Work request:
Write out each line of the records that has "Black" in it.

══ Record set ══

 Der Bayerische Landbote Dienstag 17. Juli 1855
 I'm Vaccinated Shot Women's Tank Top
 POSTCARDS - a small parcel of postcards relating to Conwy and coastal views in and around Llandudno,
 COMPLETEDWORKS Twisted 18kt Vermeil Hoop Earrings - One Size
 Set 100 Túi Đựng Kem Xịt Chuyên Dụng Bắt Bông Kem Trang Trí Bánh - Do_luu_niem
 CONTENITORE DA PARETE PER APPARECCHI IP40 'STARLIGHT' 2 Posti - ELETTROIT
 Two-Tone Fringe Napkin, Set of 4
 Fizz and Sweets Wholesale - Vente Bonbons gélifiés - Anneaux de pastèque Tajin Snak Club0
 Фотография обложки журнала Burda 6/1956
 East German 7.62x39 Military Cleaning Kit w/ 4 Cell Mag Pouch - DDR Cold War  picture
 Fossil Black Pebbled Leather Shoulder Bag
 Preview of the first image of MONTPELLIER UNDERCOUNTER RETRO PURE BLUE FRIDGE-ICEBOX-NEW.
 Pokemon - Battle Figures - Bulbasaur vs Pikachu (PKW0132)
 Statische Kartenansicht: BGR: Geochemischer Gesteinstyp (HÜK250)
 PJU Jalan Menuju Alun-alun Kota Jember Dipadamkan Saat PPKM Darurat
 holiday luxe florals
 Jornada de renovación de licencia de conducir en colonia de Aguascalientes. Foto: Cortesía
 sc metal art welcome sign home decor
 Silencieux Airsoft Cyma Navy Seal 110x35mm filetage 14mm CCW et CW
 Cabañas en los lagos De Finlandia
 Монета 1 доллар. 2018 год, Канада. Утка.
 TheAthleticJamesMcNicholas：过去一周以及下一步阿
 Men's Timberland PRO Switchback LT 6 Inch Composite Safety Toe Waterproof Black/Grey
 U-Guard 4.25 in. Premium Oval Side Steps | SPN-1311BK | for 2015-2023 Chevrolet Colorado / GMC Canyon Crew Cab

═══

Solution for this problem:
 Fossil Black Pebbled Leather Shoulder Bag
 Men's Timberland PRO Switchback LT 6 Inch Composite Safety Toe Waterproof Black/Grey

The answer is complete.